BEGIN Extracted information

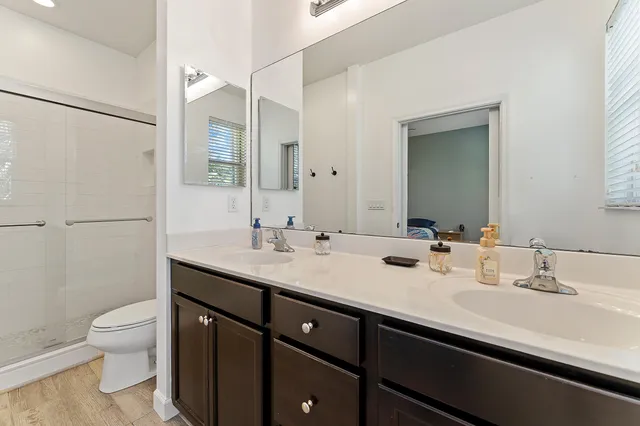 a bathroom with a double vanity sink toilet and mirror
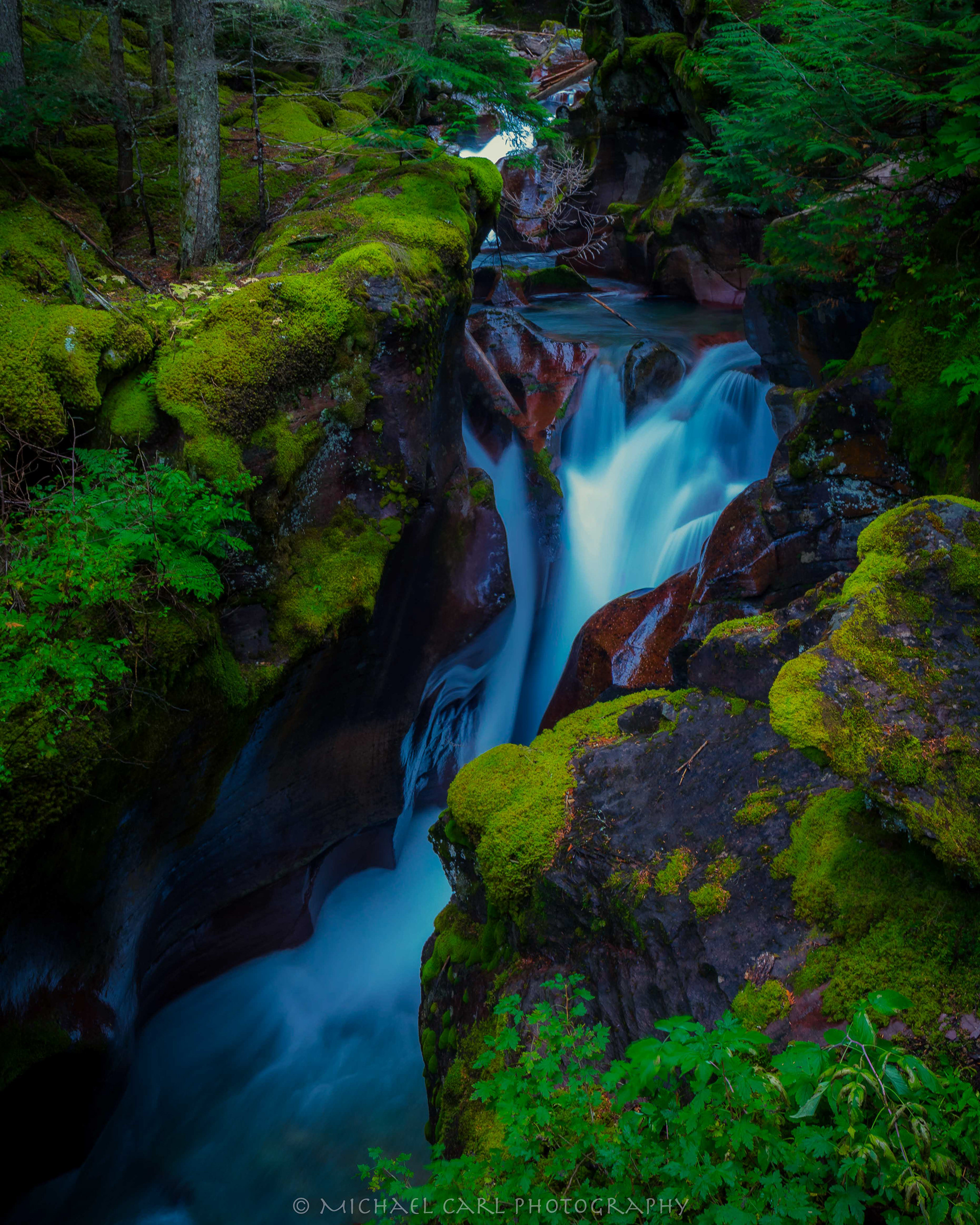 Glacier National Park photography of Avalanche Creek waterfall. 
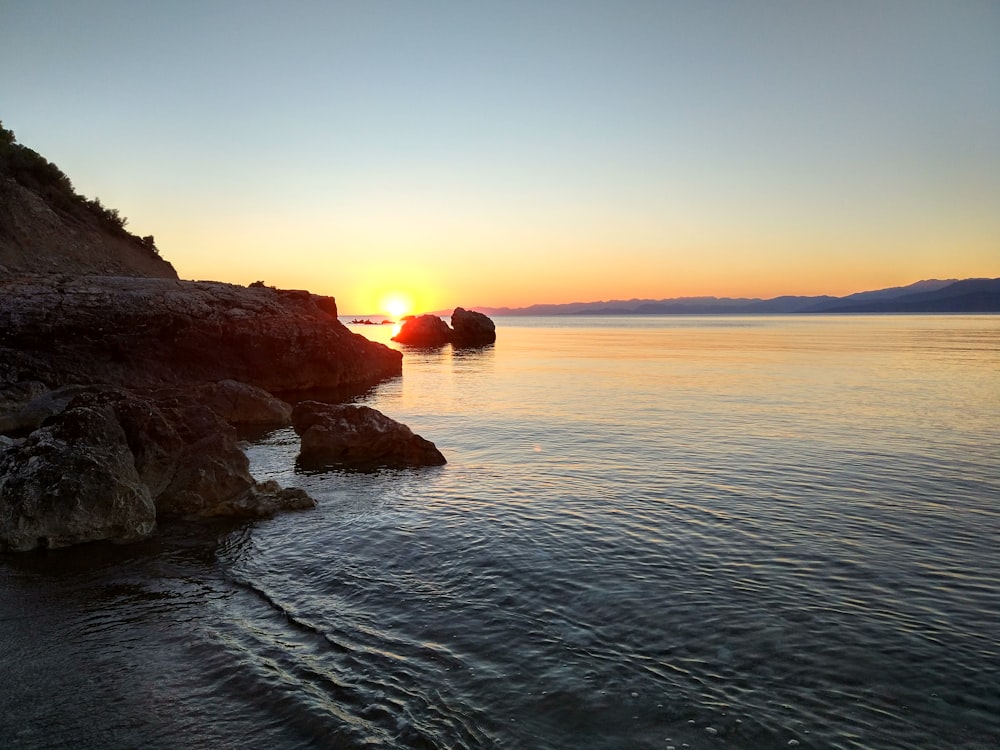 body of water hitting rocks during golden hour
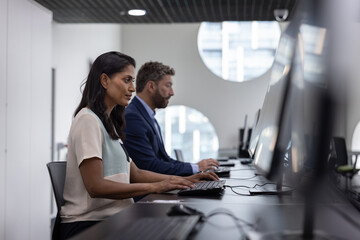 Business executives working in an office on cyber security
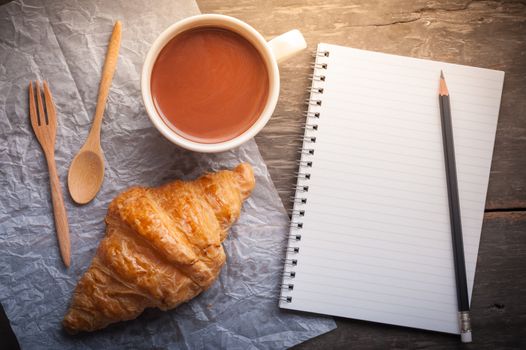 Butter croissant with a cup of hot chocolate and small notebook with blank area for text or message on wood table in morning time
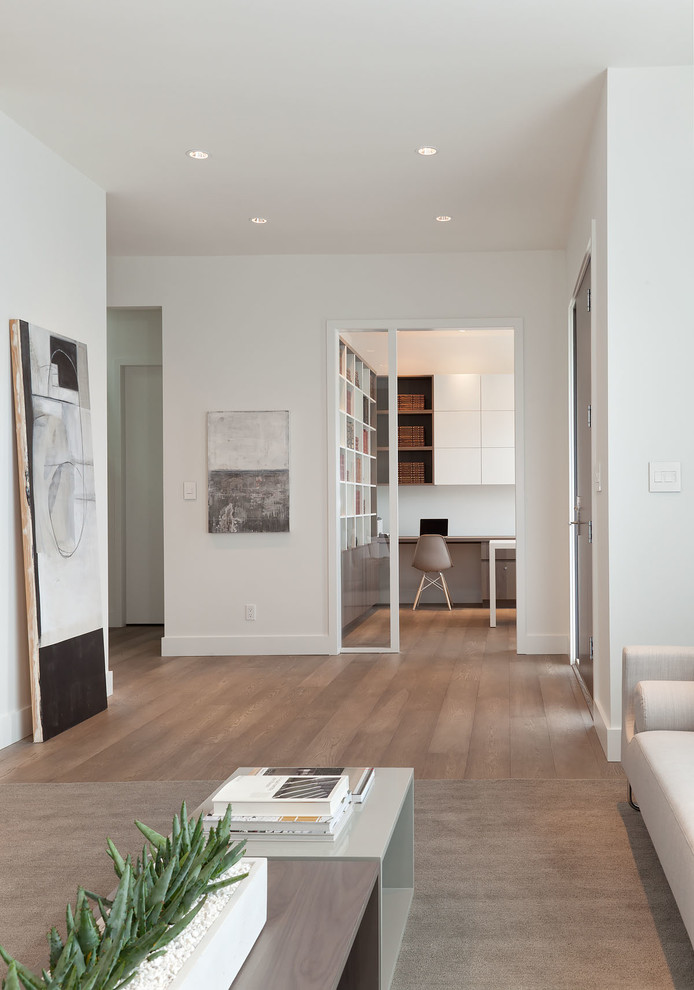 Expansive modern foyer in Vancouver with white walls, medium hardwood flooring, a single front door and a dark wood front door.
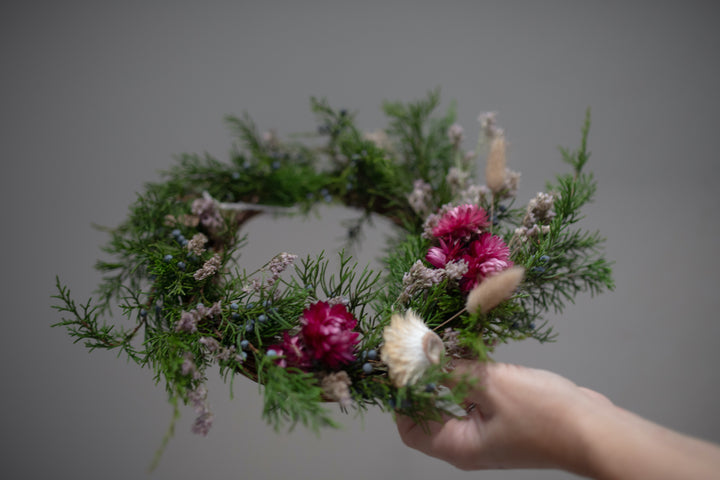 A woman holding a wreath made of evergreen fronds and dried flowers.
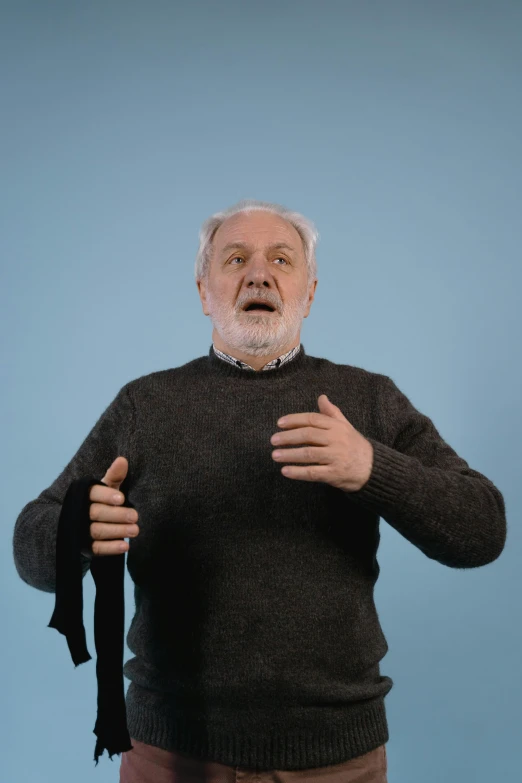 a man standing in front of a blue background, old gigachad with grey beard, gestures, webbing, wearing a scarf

END Extracted information

Work request:
The lines from the one containing "Butter croissant with" to the final line of the material, both ends included, should be retyped exactly and alone, with no pictures.

Response to the exercise:
 Butter croissant with a cup of hot chocolate and small notebook with blank area for text or message on wood table in morning time
 Expansive modern foyer in Vancouver with white walls, medium hardwood flooring, a single front door and a dark wood front door.
 A woman holding a wreath made of evergreen fronds and dried flowers.
 a man standing in front of a blue background, old gigachad with grey beard, gestures, webbing, wearing a scarf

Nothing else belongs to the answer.